### YOUR INSTRUCTIONS
Restate the data exactly as given and keep the pictures out.

### RECORDED INFORMATION
'''

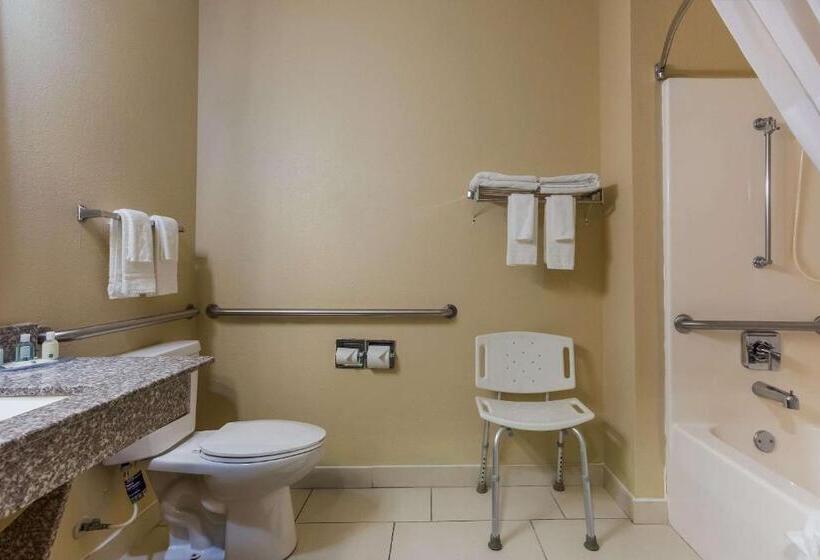هتل Quality Inn Galesburg Near Us Highway 34 And I 74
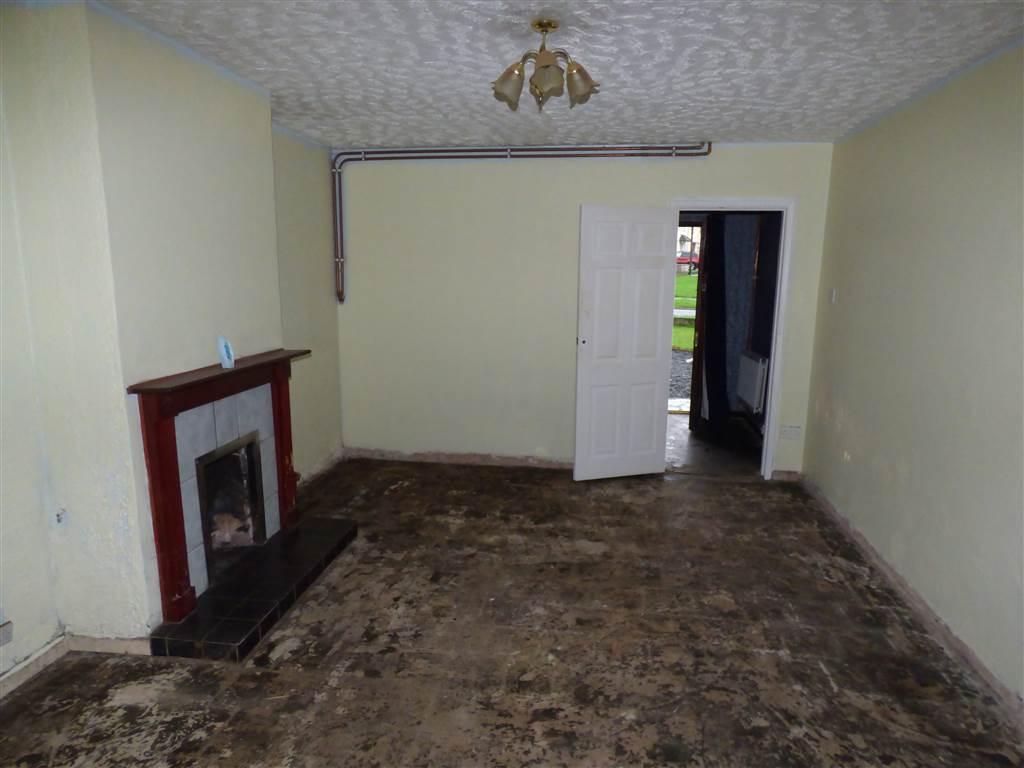 182 Linn Road, Larne, BT40 2AL 3 bed townhouse £34,950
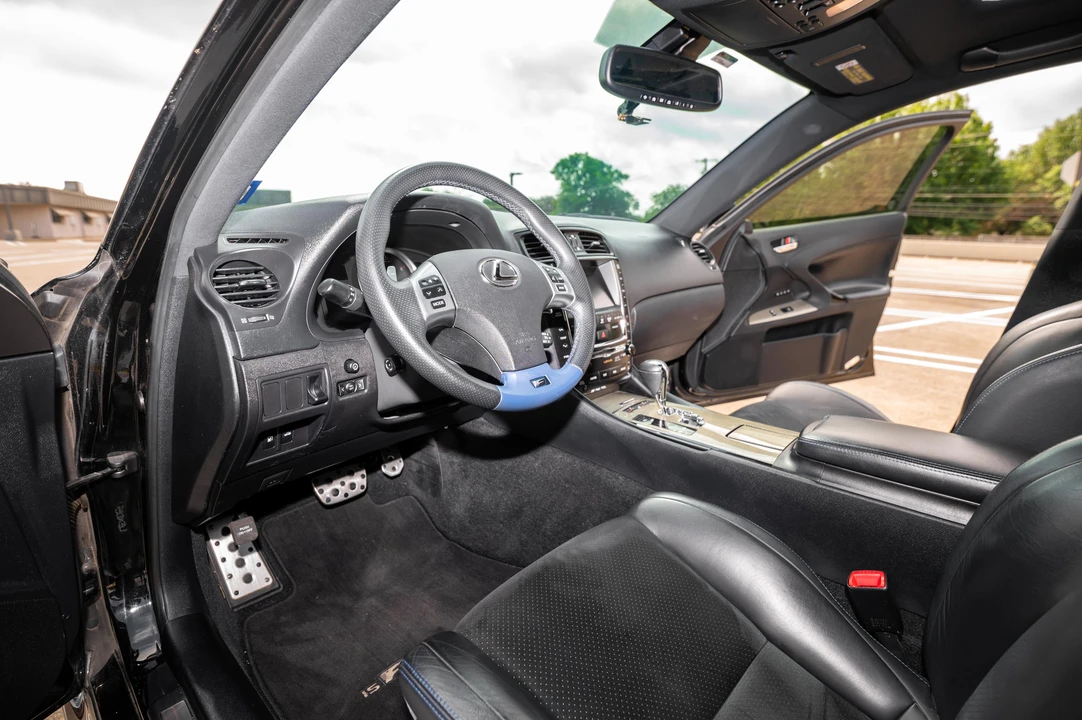 2011 Lexus IS F 2nd Gen - Image 28 of 31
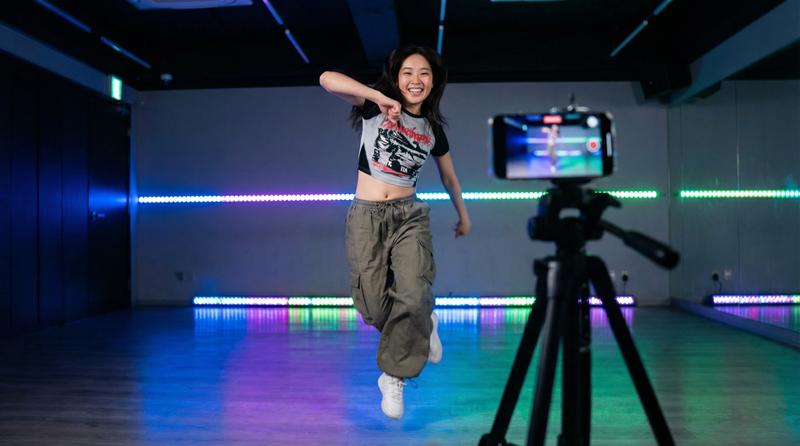 17c一起草舞蹈短视频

'''

### OUTPUT
هتل Quality Inn Galesburg Near Us Highway 34 And I 74
 182 Linn Road, Larne, BT40 2AL 3 bed townhouse £34,950
 2011 Lexus IS F 2nd Gen - Image 28 of 31
 17c一起草舞蹈短视频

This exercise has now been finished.